The Remodelers Guide to Business

Your 2013 Plan for Success

Success Plan 2013We’re two full months into 2013 and of course you’ve got a plan in place for maximizing your company’s success this year.  Hopefully that plan is on paper. Hopefully it was designed with the help of your staff.  Hopefully you rolled it out before the year began, in an all-company meeting with action points developed for how each department and each position in your company can help support a successful outcome.

Now let’s drop the hopefully and talk about the reality (for most of us.)  We were so busy with the day-to-day that we kept putting off the big picture.  Once again the urgent trumped the important.  But it’s not too late!  It’s still the first quarter and you have time to quickly work through the key steps of developing and communicating a strategic plan.

You won’t need special software and you don’t have to build a 400 page manifesto that would satisfy the SEC in your initial public offering.  But you will need to figure out – at a minimum – what will constitute success for your company this year.

Start with a bottom line (after owner pay) of 8-10% of volume.  Step two is to calculate the volume and gross profit that will be needed to achieve that.  Third you will develop the behind-the-scenes plan for how each and every employee and/or department in the company will help make this happen.

Step four is where most companies drop the ball.  They don’t roll out the plan to everyone in the company and get them thinking as owners. This is the most critical component to making it all happen. You must get company-wide buy-in.
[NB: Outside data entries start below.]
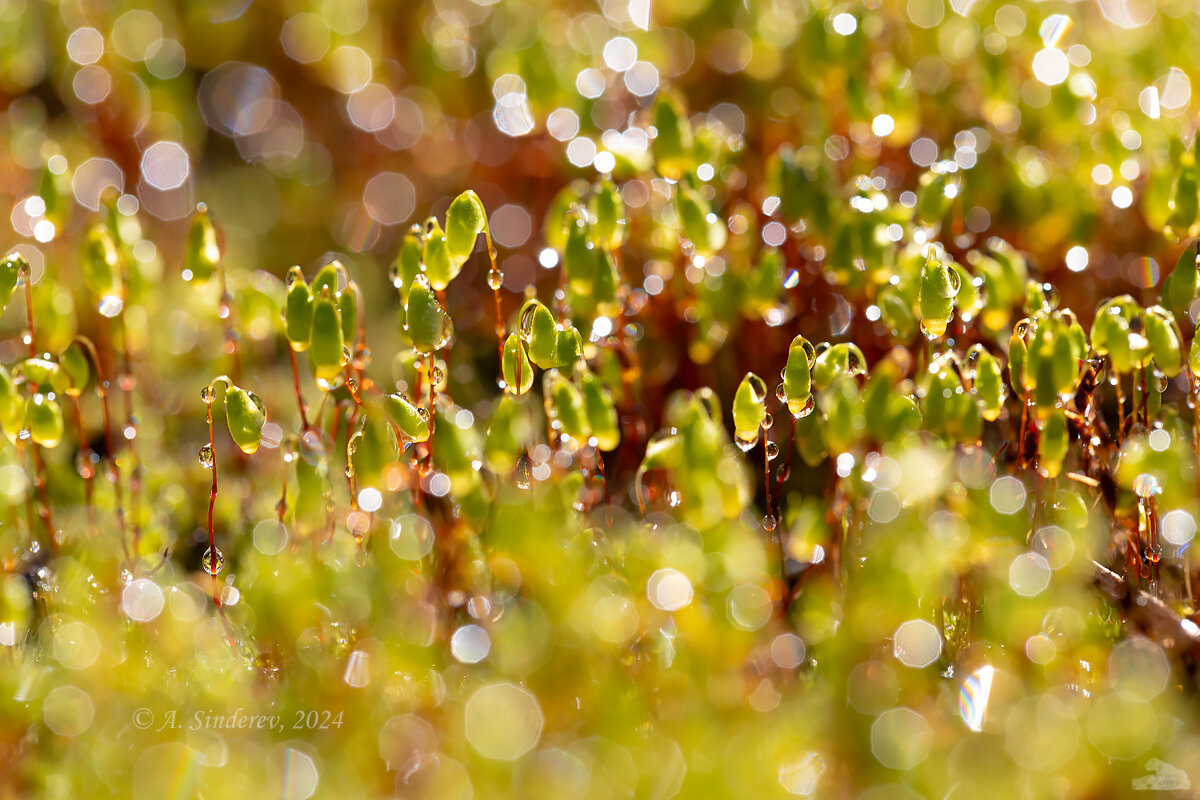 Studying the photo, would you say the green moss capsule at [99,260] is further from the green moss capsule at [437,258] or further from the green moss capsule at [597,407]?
the green moss capsule at [597,407]

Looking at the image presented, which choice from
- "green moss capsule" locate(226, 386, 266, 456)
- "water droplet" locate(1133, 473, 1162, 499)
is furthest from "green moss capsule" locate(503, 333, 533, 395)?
"water droplet" locate(1133, 473, 1162, 499)

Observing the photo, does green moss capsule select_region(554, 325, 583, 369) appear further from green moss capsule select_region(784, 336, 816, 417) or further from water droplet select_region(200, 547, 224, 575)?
water droplet select_region(200, 547, 224, 575)

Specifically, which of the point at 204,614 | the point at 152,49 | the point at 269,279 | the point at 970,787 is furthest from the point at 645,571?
the point at 152,49

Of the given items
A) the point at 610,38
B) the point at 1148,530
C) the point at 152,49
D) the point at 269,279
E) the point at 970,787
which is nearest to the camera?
the point at 970,787

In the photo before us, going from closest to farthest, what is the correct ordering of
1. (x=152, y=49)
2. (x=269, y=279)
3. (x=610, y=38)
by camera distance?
(x=269, y=279) → (x=610, y=38) → (x=152, y=49)

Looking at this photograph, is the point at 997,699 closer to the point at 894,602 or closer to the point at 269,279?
the point at 894,602

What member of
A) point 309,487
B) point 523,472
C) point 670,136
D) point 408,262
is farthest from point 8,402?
point 670,136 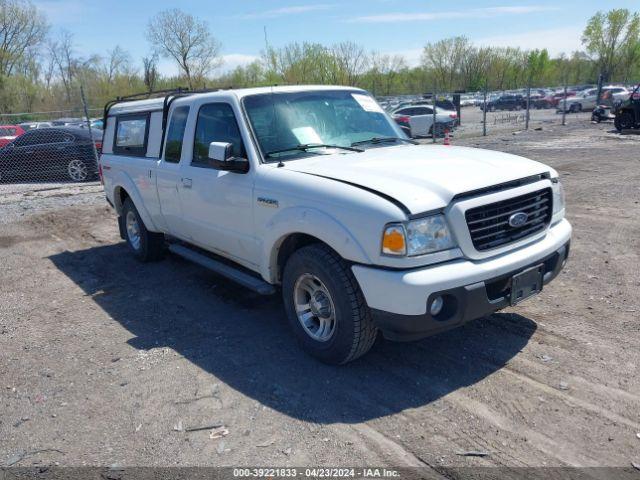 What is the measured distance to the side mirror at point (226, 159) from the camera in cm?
425

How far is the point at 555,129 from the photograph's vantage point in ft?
79.1

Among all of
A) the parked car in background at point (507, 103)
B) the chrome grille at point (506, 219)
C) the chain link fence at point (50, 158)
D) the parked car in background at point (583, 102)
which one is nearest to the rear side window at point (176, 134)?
the chrome grille at point (506, 219)

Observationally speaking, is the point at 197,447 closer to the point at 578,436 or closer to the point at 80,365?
the point at 80,365

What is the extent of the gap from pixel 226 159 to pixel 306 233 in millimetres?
1026

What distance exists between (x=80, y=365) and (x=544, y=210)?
3763 millimetres

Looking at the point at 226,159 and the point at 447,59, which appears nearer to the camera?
the point at 226,159

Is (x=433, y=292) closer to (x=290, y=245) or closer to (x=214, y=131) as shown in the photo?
(x=290, y=245)

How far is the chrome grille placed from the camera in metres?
3.44

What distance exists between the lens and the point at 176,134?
5.52 metres

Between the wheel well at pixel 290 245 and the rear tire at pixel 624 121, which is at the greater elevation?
the wheel well at pixel 290 245

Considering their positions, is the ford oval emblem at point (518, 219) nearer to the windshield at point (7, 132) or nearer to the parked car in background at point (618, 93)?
the windshield at point (7, 132)

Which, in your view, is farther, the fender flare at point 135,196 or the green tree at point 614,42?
the green tree at point 614,42

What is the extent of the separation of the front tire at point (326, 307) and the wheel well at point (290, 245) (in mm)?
192

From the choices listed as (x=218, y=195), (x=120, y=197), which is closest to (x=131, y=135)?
(x=120, y=197) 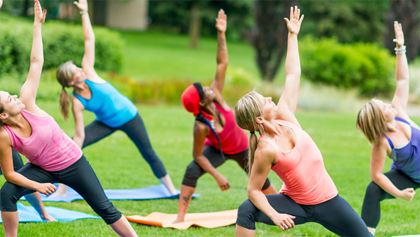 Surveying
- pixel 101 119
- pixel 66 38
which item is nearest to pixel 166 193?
pixel 101 119

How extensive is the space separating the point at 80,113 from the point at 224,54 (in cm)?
194

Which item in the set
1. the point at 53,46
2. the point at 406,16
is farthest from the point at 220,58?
the point at 406,16

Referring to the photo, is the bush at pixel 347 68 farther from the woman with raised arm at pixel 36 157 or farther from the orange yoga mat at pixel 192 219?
the woman with raised arm at pixel 36 157

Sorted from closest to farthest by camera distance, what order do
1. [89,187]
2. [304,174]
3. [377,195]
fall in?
[304,174]
[89,187]
[377,195]

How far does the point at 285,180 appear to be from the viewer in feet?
17.8

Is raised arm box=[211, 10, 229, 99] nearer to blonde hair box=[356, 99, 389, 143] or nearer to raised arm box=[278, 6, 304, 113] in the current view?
raised arm box=[278, 6, 304, 113]

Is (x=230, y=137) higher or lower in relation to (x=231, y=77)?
higher

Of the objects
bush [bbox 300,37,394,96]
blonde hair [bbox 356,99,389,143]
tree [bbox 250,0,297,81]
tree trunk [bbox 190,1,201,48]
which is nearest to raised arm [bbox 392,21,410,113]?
blonde hair [bbox 356,99,389,143]

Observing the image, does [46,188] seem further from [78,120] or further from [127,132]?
[127,132]

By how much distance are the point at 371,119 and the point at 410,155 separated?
2.04ft

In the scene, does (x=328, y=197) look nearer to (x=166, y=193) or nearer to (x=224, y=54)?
(x=224, y=54)

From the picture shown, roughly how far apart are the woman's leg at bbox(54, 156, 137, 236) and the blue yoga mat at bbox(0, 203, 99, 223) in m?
1.56

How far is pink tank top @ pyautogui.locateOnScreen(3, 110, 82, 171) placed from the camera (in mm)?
5734

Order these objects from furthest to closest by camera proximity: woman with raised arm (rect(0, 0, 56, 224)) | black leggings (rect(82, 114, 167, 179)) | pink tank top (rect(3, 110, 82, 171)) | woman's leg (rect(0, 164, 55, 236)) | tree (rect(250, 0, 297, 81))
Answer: tree (rect(250, 0, 297, 81))
black leggings (rect(82, 114, 167, 179))
woman with raised arm (rect(0, 0, 56, 224))
woman's leg (rect(0, 164, 55, 236))
pink tank top (rect(3, 110, 82, 171)) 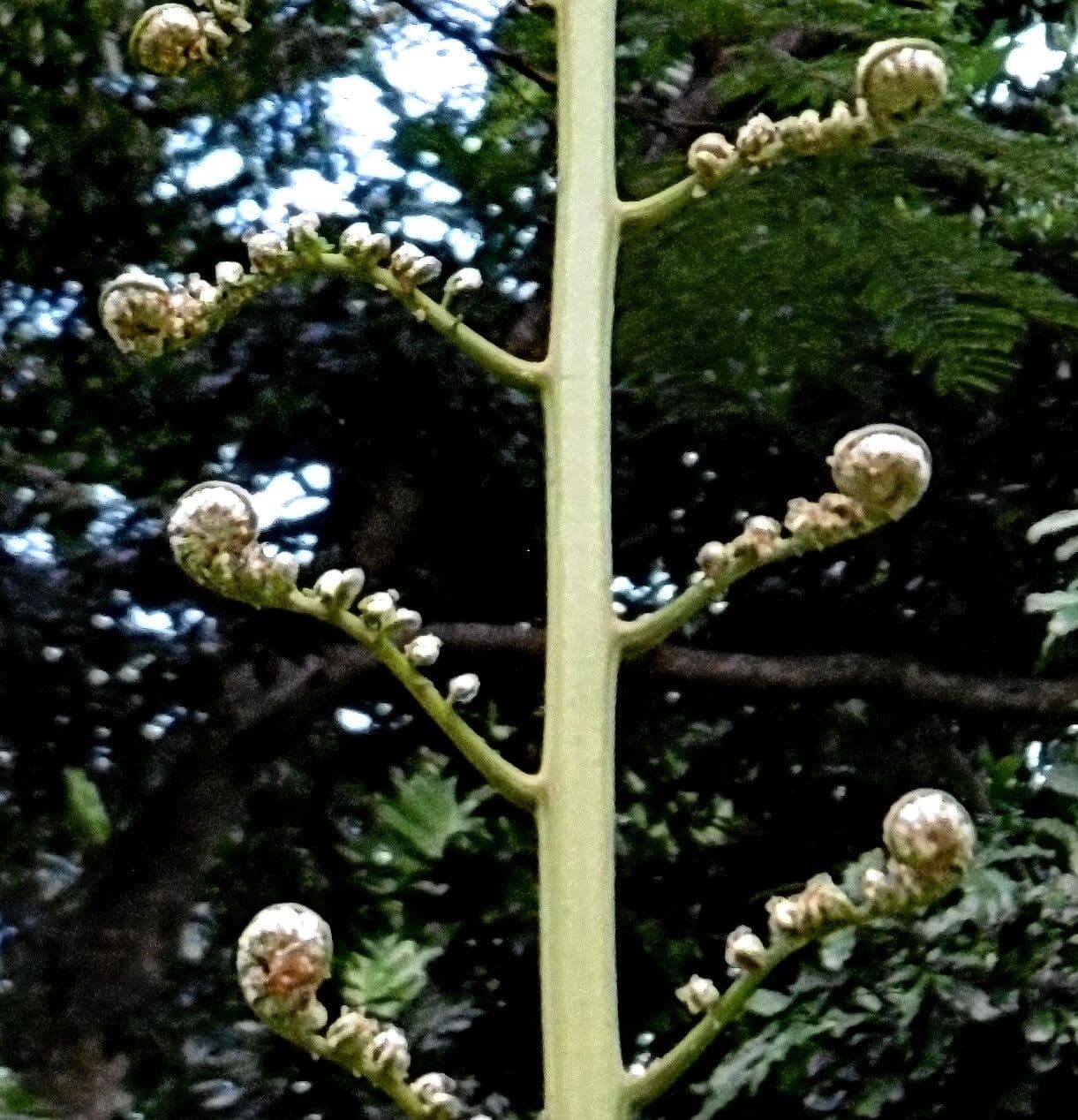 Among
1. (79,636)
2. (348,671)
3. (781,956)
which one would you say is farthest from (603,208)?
(79,636)

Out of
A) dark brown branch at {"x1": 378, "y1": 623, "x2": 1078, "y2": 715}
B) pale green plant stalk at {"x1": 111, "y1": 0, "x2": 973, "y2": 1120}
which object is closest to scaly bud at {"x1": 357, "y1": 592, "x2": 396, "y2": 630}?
pale green plant stalk at {"x1": 111, "y1": 0, "x2": 973, "y2": 1120}

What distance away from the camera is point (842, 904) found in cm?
34

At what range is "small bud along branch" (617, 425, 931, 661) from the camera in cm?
35

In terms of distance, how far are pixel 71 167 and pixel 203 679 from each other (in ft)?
1.55

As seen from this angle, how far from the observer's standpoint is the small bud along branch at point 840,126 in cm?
38

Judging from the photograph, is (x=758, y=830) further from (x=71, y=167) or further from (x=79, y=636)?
(x=71, y=167)

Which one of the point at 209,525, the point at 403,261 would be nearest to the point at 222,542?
the point at 209,525

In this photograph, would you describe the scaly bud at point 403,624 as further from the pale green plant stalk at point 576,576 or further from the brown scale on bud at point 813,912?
the brown scale on bud at point 813,912

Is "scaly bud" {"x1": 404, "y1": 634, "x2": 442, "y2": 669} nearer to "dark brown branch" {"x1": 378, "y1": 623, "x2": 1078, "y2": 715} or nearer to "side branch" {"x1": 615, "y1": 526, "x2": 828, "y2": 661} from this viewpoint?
"side branch" {"x1": 615, "y1": 526, "x2": 828, "y2": 661}

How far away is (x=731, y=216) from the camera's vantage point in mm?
875

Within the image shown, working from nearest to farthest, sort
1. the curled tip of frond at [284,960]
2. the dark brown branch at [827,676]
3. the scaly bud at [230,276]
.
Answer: the curled tip of frond at [284,960] < the scaly bud at [230,276] < the dark brown branch at [827,676]

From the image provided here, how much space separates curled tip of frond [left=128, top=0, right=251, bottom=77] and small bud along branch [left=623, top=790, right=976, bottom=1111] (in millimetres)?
285

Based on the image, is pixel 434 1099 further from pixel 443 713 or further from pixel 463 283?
pixel 463 283

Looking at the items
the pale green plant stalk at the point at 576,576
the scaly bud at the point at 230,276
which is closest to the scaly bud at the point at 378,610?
the pale green plant stalk at the point at 576,576
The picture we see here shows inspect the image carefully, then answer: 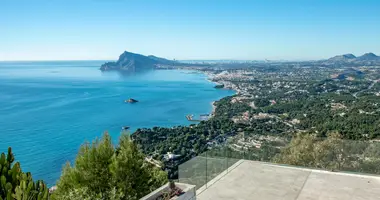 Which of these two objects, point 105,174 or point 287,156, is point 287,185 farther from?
point 105,174

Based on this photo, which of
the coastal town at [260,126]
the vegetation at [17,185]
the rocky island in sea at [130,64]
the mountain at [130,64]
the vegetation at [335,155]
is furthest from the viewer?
the mountain at [130,64]

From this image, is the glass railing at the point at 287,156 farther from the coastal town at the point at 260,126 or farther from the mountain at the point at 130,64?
the mountain at the point at 130,64

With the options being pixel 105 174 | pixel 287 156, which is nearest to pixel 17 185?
pixel 105 174

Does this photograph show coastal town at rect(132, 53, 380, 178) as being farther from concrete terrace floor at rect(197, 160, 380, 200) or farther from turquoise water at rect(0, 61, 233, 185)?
turquoise water at rect(0, 61, 233, 185)

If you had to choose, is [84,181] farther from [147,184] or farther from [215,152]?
[215,152]

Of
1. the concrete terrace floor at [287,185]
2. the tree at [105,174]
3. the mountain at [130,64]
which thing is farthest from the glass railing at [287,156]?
the mountain at [130,64] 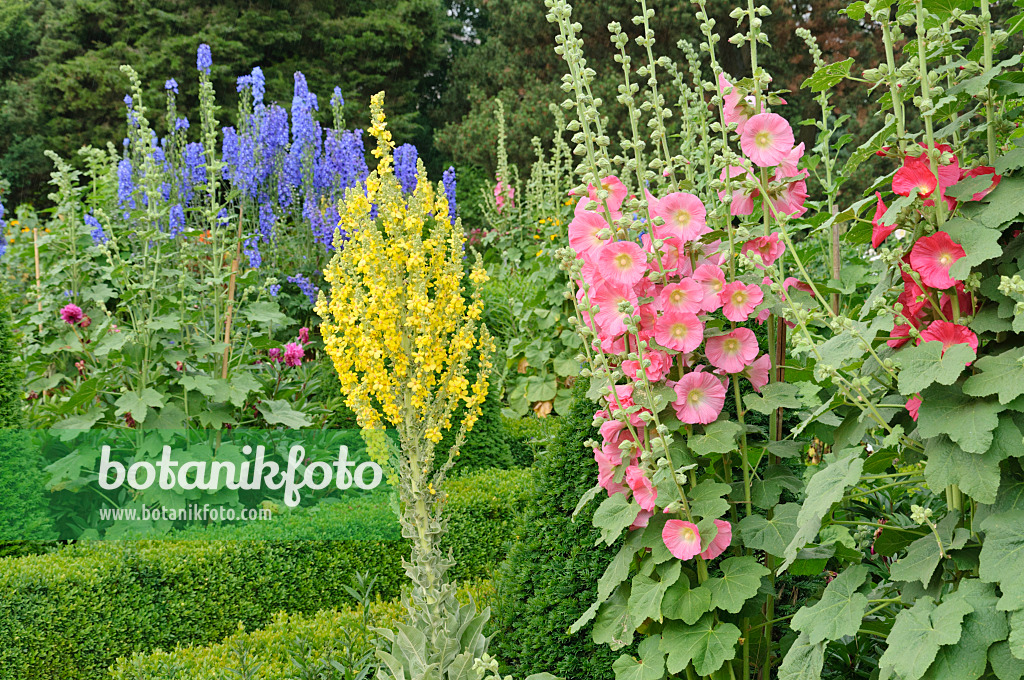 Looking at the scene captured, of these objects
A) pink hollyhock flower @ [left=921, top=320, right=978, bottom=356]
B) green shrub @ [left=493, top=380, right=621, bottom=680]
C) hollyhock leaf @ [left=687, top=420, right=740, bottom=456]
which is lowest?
green shrub @ [left=493, top=380, right=621, bottom=680]

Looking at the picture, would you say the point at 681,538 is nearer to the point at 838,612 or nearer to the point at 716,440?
the point at 716,440

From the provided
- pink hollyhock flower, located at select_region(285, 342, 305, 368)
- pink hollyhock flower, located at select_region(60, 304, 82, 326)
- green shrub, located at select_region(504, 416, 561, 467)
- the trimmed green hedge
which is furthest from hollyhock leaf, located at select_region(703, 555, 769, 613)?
pink hollyhock flower, located at select_region(60, 304, 82, 326)

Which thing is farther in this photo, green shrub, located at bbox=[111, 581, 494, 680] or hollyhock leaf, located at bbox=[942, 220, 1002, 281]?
green shrub, located at bbox=[111, 581, 494, 680]

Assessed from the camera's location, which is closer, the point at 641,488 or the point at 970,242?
the point at 970,242

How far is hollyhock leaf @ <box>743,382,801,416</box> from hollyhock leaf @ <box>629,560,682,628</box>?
1.23 ft

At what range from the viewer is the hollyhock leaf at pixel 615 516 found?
164cm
So whether you have a well-developed plan in writing or you are scrambling to put one together, here’s a real life case study of how a relatively small remodeling company (2 owners and 4 staff) took advantage of the benefits of planning future by clearly involving staff as well as communicating the plan and monitoring it at regular intervals.

A Real Life Case Study

Robin Burrill and Rob Matthews, spouses who own Curb Appeal Renovations in Ft. Worth, TX, were determined to put the important ahead of the urgent. Since their office manager was leaving and they had a new hire coming in, the owners produced the plan by reviewing their vision, mission, and core values. They also created budgets and projections based on a 25% growth rate through the next few years.  But they wanted to get everyone on board in a fun, memorable, and impactful way because, as Burrill explains, “It’s not just Robin and Rob’s company, it’s everyone’s company.”

They decided to hold an all-day “Summit” to be held in their offices.  This Summit was to accomplish three critical goals – get buy-in on a plan for growth, teach the financial parameters that every employee needed to know, and better develop the participation of staff in meeting challenges and creating solutions.

Robin engaged an outside facilitator so they “could sit back, listen, and observe.”  To find him, she asked around her network of friends and acquaintances for referrals to coaches, and when the same name kept popping up, she knew she had the right person.  The facilitator helped them format the meeting and then conducted it.

They started the meeting by announcing a reward system for participation.  Each employee who participated with an idea or comment was able to draw a poker chip.  They were told that the person with the highest number of chips at the end of the day would receive a prize — but they weren’t told what that prize was.

Then they presented a detailed review of the previous year’s highlights, followed by a SWOT (Strengths, Weaknesses, Opportunities, Threats) analysis of the company.  They reviewed the Vision, Mission, and Values and how those applied to their work.  Plans for the current year were reviewed in detail.  To teach everyone more about the financial management of a company, they played a budget game by looking at where the money that came in to the company was spent and how little was left at the bottom line in even good years.

What was the outcome?  “It was better than we could possibly have imagined,” says Burrill.  “Everyone thanked us for making them a part of the plan.”  Key goals and suggestions from the Summit are finding their way into every decision.  Curb Appeal will hold quarterly mini-Summits to keep everyone on track.  And next year’s Summit will expand to two days.

Any surprises?  Burrill laughed, “Out of everything, they were most concerned that Rob and I need to take more time away from the business.”  There’s a happy commitment.

Oh, and if you’re wondering about the participation prize, every attendee ended up with between 220 and 360 chips by the end of the day. They were pleasantly surprised when it was revealed that everyone could exchange them for cash — $1 per chip.